The first conference panel focuses on the topic of queer archives as queer memory. Queer transnational and multiethnic movements, as well as multimedial history should be archived and become available worldwide. This can be achieved in conjunction with the film festival and media professionals. Experts from various fields will discuss what new approaches to the definition and the creation of archives we can find in order to promote an accurate and representative history.
PANEL 2: Re-Imaging The Queer Archive
Dr. Nanna Heidenreich, Host, Institute for Media Studies, Braunschweig University of Art; Arsenal-Berlin, Forum Expanded, Berlin
Nanna Heidenreich works as a lecturer/researcher in media studies at the University of the Arts in Braunschweig (Germany). She is also co-curator for the Berlinale program “Forum Expanded”. She has worked many years with the “Arsenal – Institute for Film and Video Art” in Berlin, including her participation in the project “Living Archive – Archive Work as a Contemporary and Curatorial Practice” (2011-2013). She has published widely on migration, visual culture and postcolonial media theory and has edited several DVDs.
Alice Royer, Legacy Project Manager, Outfest Los Angeles; American Archive for Television and Film, University of California, Los Angeles
Alice Royer is a film and media scholar, archivist, and programmer from Los Angeles. She is the Legacy Project Manager at “Outfest”, where she oversees the “Outfest UCLA Legacy Project”, the only program in the world exclusively dedicated to protecting and preserving LGBT film. She is also an Assistant Programmer at “Outfest”, and has screened films for “AFI FEST” and the “Los Angeles Film Festival”. In addition to her film festival work, Alice is a PhD Candidate in Cinema & Media Studies at the UCLA.

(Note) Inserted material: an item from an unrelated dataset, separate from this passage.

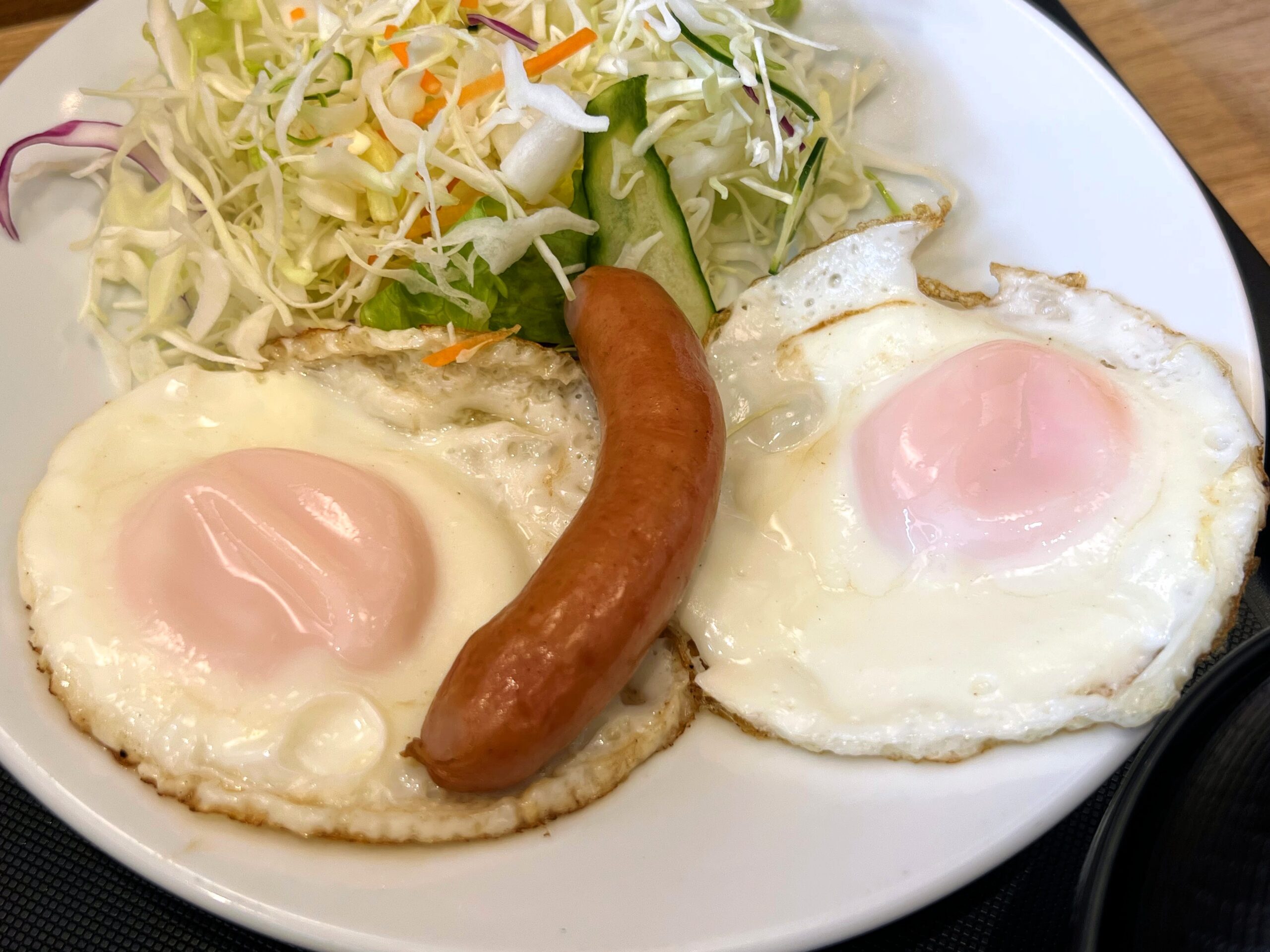 松屋】目玉焼きが2つ乗った「ソーセージエッグW定食」【朝メニュー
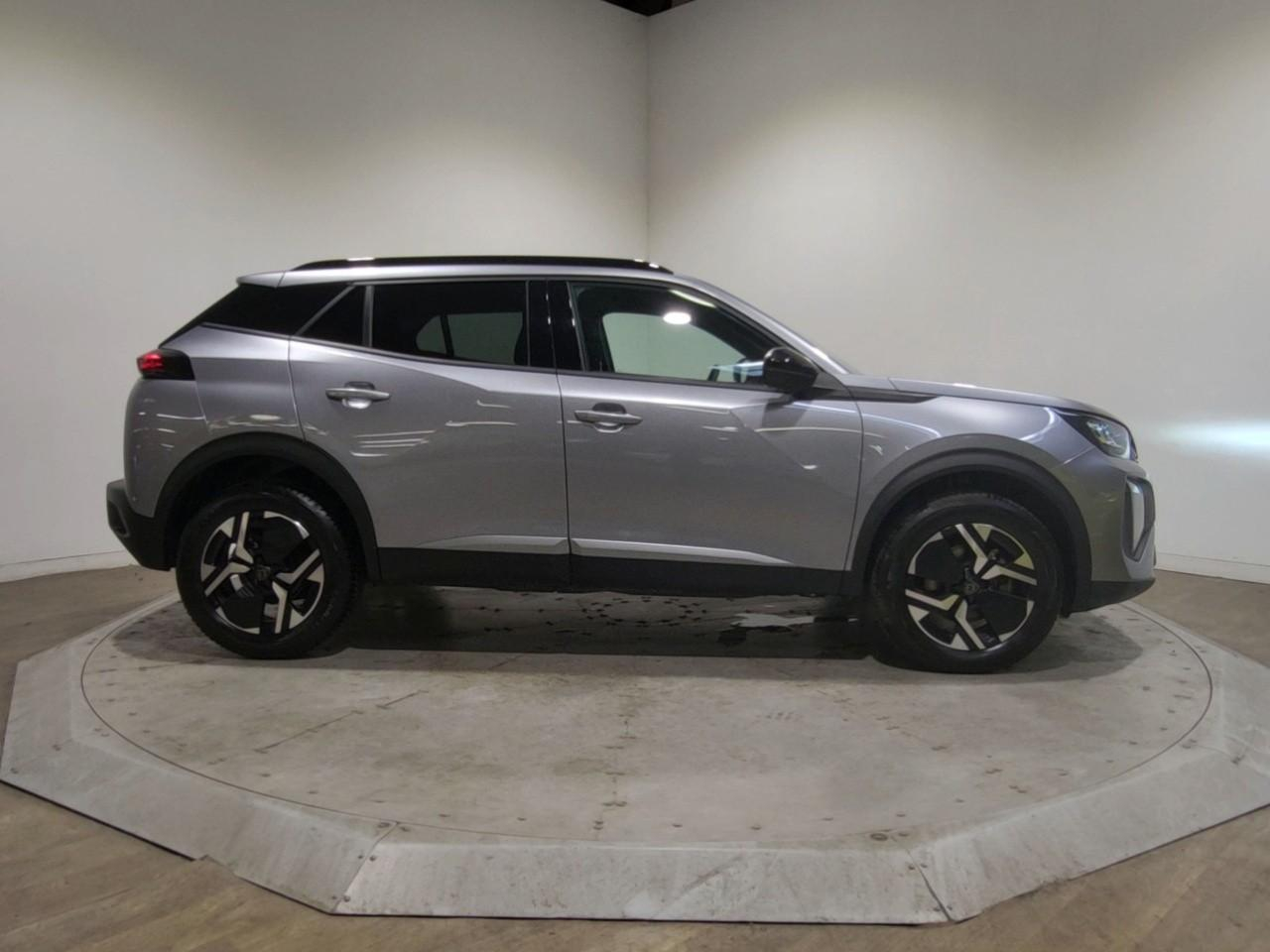 Peugeot 2008 hybrid 145 e-dcs6 allure — photo 6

Prof. Martin Koerber, Head of the Archive at the “Deutsche Kinemathek – Museum für Film und Fernsehen”, Berlin
Martin Koerber is the Head of the Film Archive at the “Deutsche Kinemathek – Museum” for Film and Television. He graduated from the Free University of Berlin with a degree in Media, Art History and Musicology and has been working in filmmaking since the 1980s. In his affiliation with the “Deutsche Kinemathek” he organized the retrospectives for the “Berlin International Film Festival” from 1998 – 2003. In 2003, he was appointed as Professor for Restoration of Audiovisual and Photographic Cultural Heritage at the University of Applied Sciences Berlin.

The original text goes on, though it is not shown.